I got to do a follow-up presentation on the financial aspects of UTOPIA at tonight's White City Community Council meeting. This included estimated participation rates and the impact on housing values. While it's not a slam dunk, it looks like a very solid picture for meeting the debt obligations by the end of the first year.
The project will probably cost somewhere in the neighborhood of $2.5M or so. This is based on 1,834 homes in the township and a cost of $1,176 per home per the 2003 UTOPIA white paper. I estimated down the costs of wiring each home due to the significant amount of aerial runs in the neighborhood and adjusted up again to guess the costs of running cable from 9000 S and the Union Pacific Railroad to 9800 S and 700 E. When converted to a 20-year bond at 6%, this means an annual bond payment of around $215K.
What determines the break-even point is subscriber numbers. UTOPIA is currently seeing a 21% participation rate though there is not yet a completely built-out city. Provo experienced a 30% take rate in the first year despite the HomeNet bankruptcy. If White City would likely be in the middle because it's solidly middle class (the average household income is slightly above the county average) and there is little variation between households given the rather small size, under a square mile. UTOPIA also does very little promotion of the service, so subscriber numbers can be boosted through getting the word out.
To further analyze the participation rates, we also need to figure out how many services each subscriber is picking up. UTOPIA currently shows an average of about 2 subscribed services per subscriber. This translates into $480/year per subscriber. At a 25% participation rate, just between UTOPIA and iProvo, the project breaks even. Given that it wouldn't be much work to get the word out about the services, I'm thinking White City might actually exceed the break even point early and generate surplus revenues.

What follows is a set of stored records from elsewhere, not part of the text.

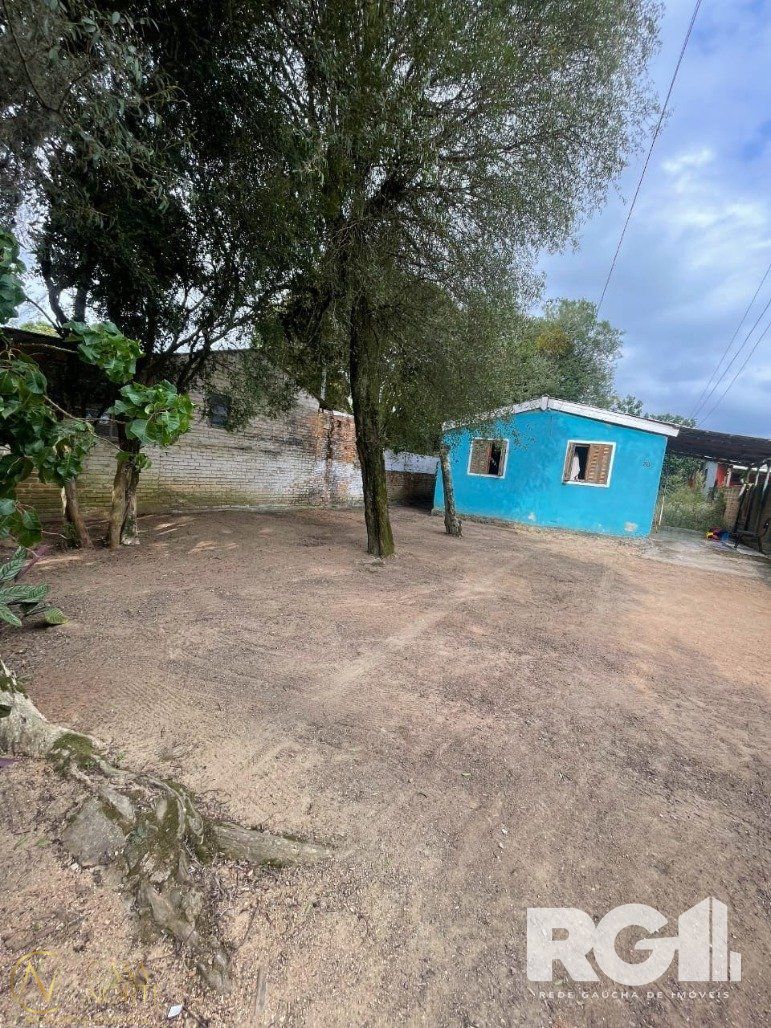 Casa à venda com 2 quartos, 70m², 1 vaga, Rua José Bernardes no bairro Lami em Porto Alegre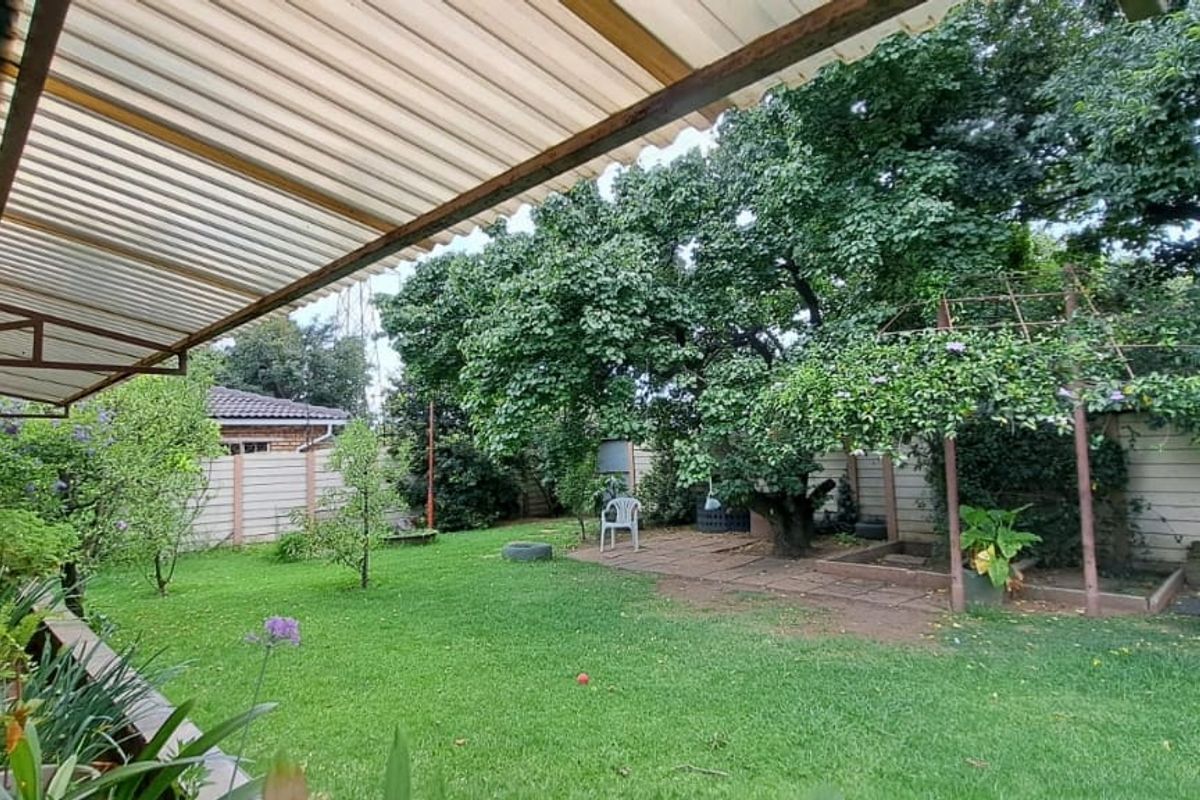 Charming Family Home - Photo 3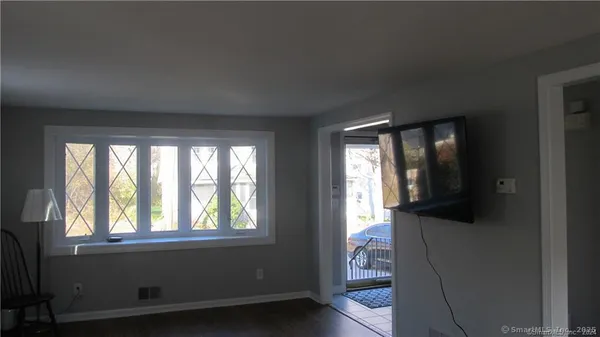 $2,800 | 18 Brightwater Road, East Lyme, CT 06357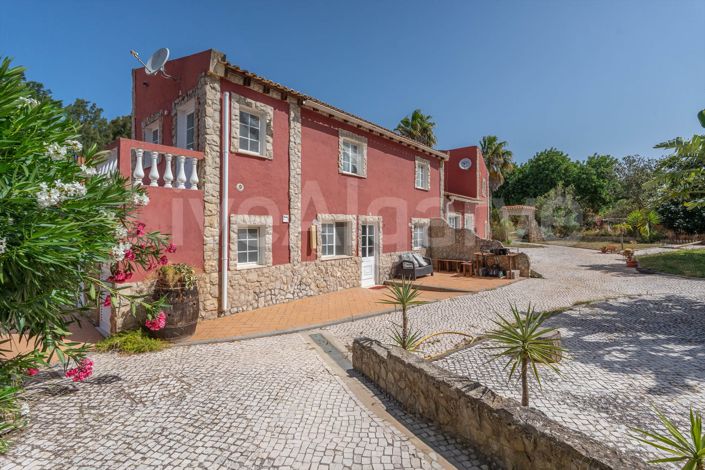 Image No.17-7 Bed House for sale
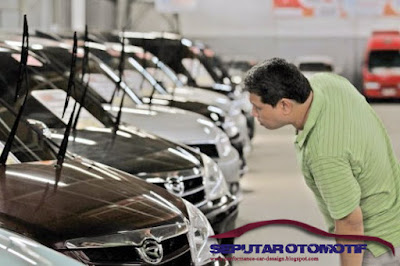 tips membeli mobil bekas di showroom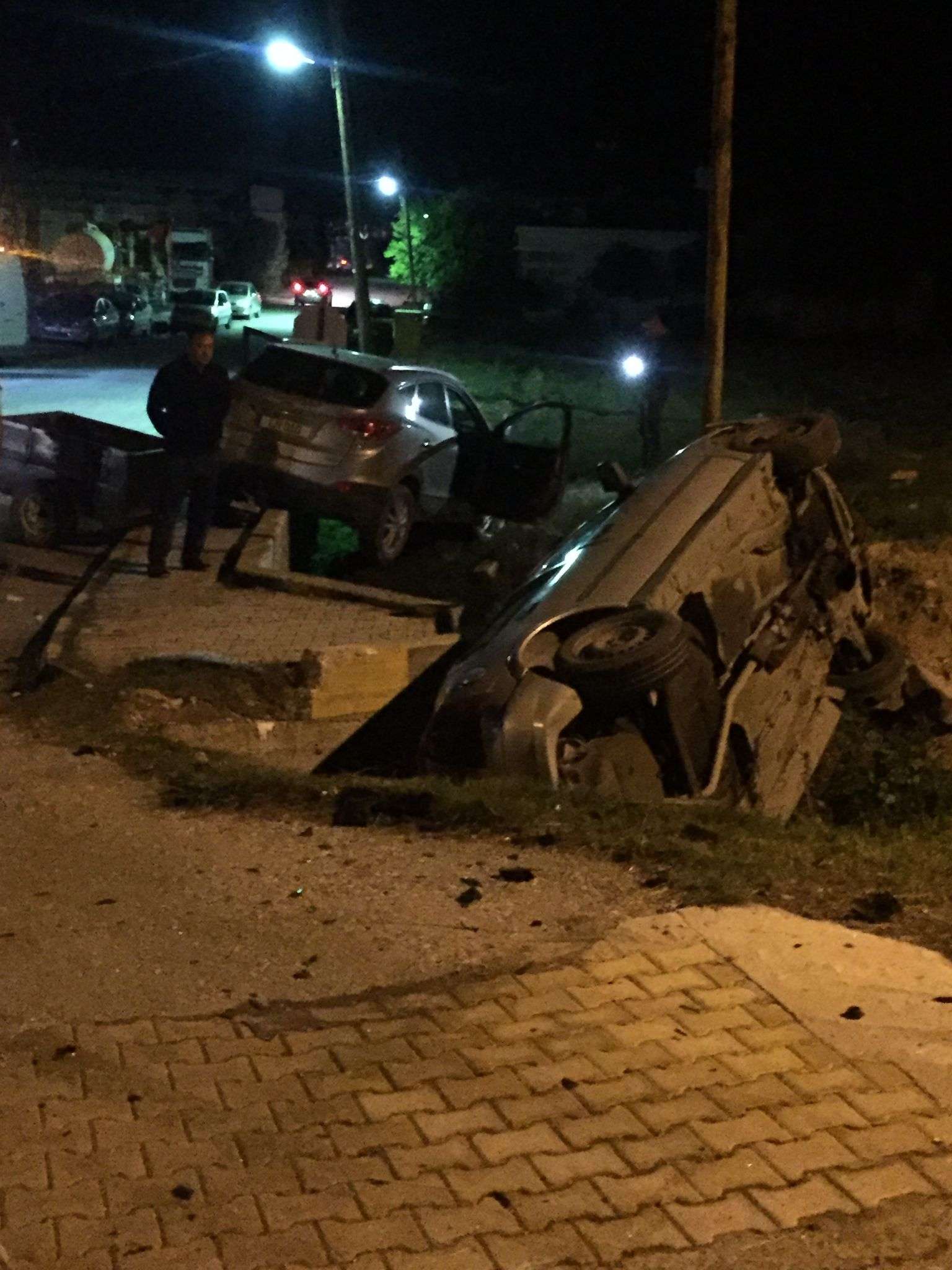 kaza İki araç çarpıştı: 4 yaralı İki araç çarpıştı: 4 yaralı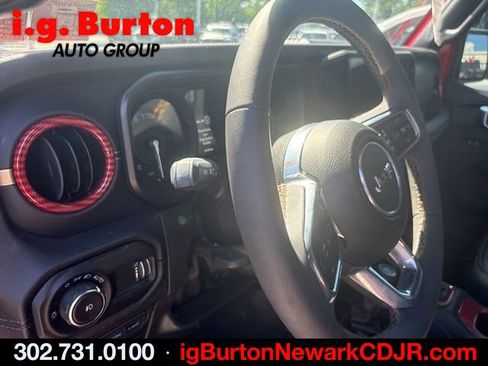 Used 2024 Jeep Wrangler Unlimited Sahara w/ Technology Group AWD/4WD image 5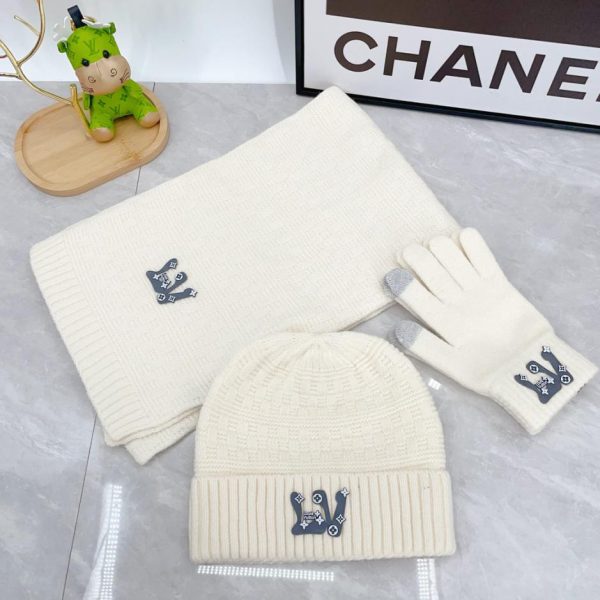 designer,replica,clothing,fake,1:1,lv,luxury,high quality Louis Vuitton scarf, hat and gloves three-piece set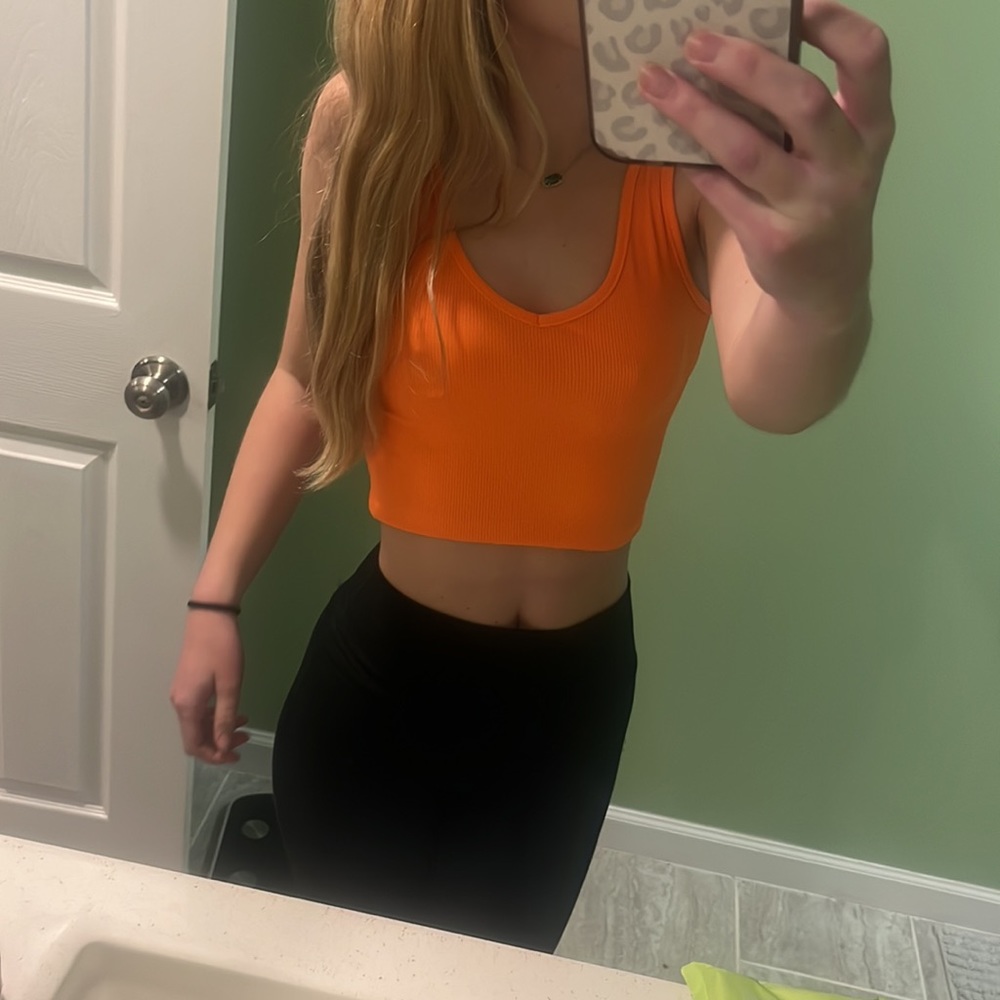 orange tank! size small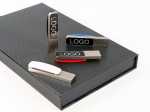 Verschiedene USB-Sticks in einem eleganten Gehäuse, ideal zur individuellen Logo-Gestaltung für Werbung und Promotion.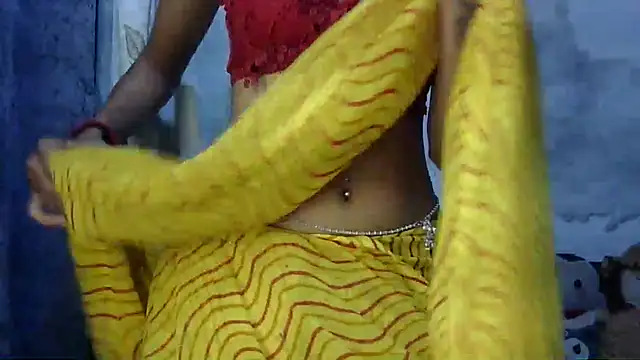 Snapshot of lola-__ chatting on February 20, 2026, 2:52 pm lola- online show from February 20, 2026, 2:52 pm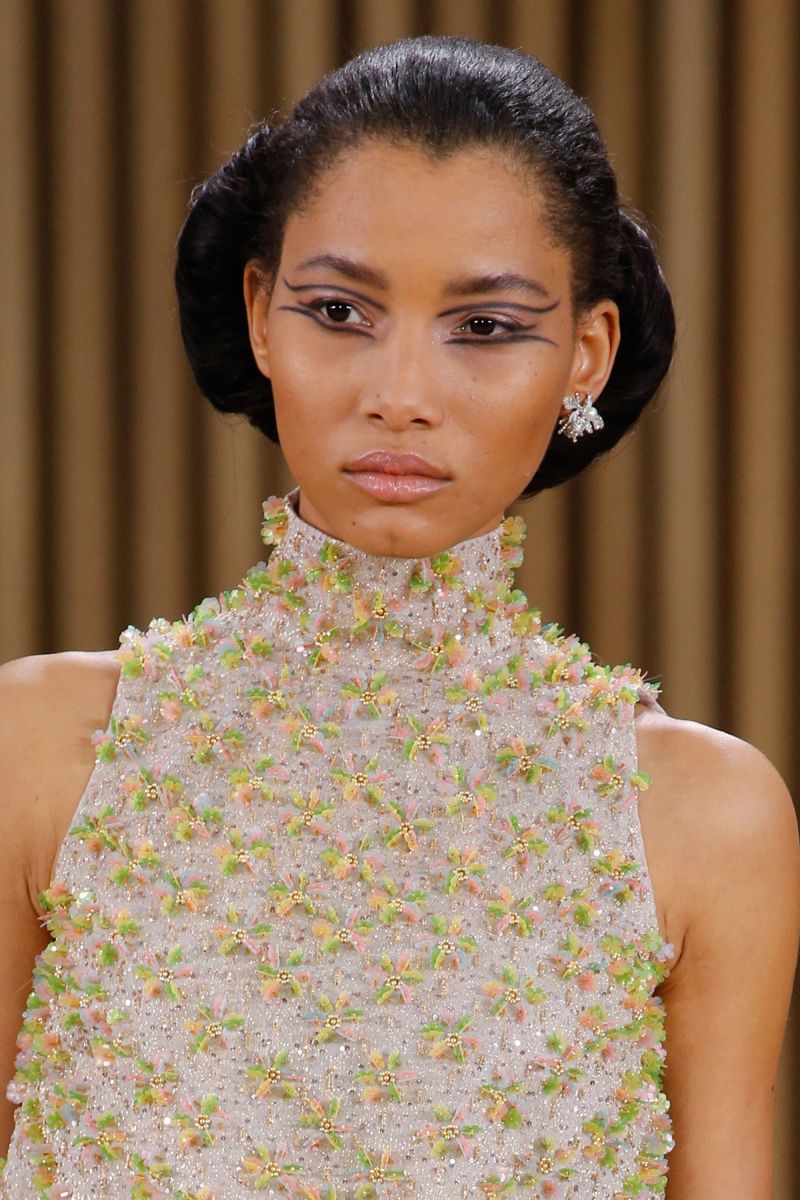 Что нужно вынести из…: бьюти-тренды показа Chanel Haute Couture весна 2016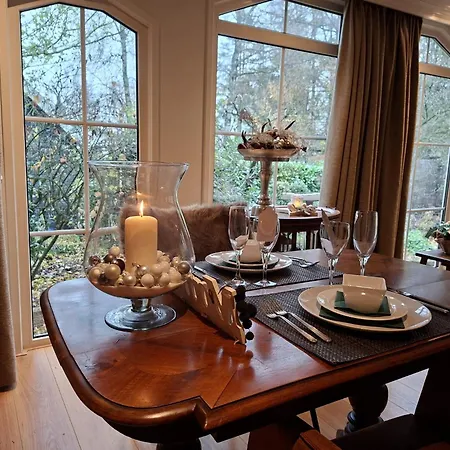 Zwijntje I With Floral Garden *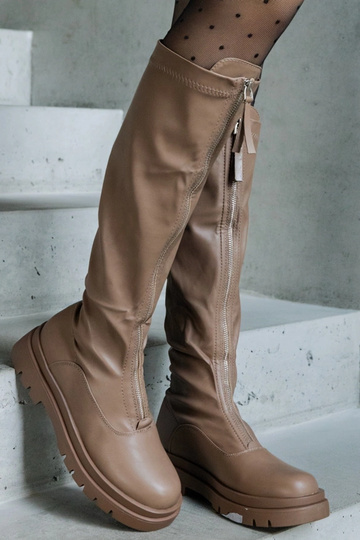 Pruunid saapad ökokoorest...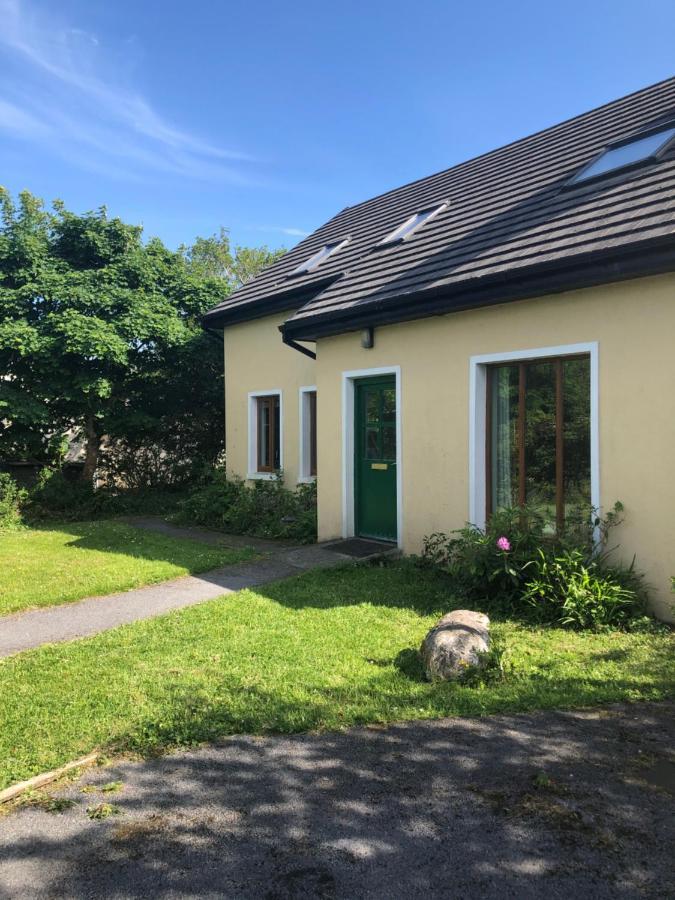 Letterfrack Farm Lodge House In Letterfrack Village Connemara エクステリア 写真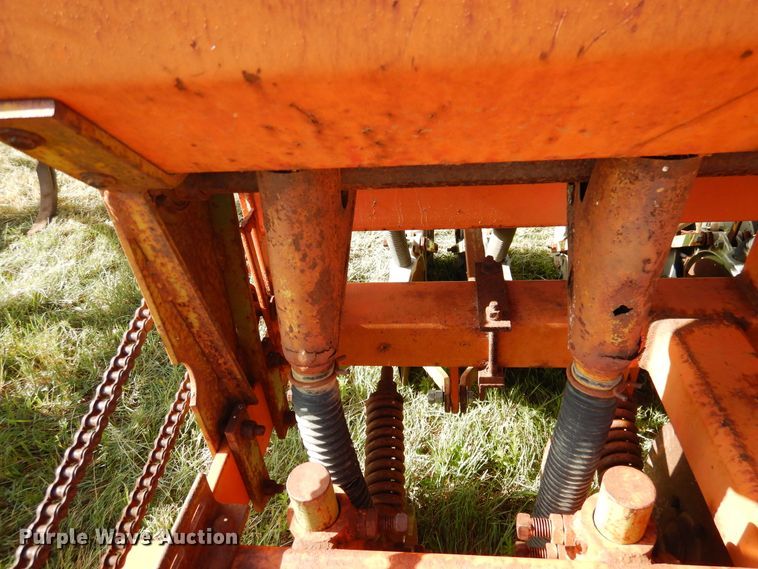 image for item GE9465 Tye Pasture Pleaser grain drill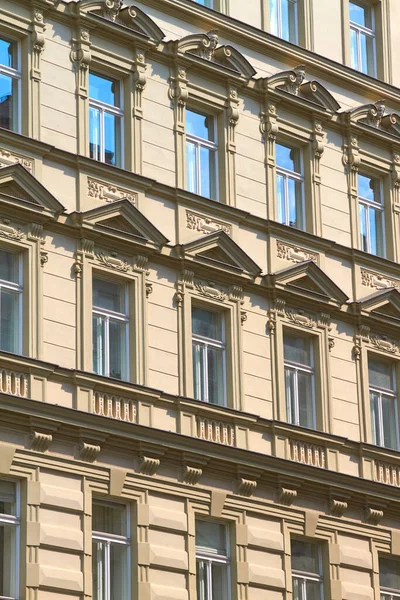 Zeer Indrukwekkende Gevel Van Een Huis Met Meerdere Verdiepingen Fel — Stockfoto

What remains now is to have a representative from UTOPIA come on down and speak with the Council concerning how to join and what political ramifications are involved by joining. Certainly the council doesn't want to spend capital for this project if it means giving up a local substation, preserving the township designation or fighting the Jordan School District split. Hopefully we'll have someone on hand and bring this thing to pass!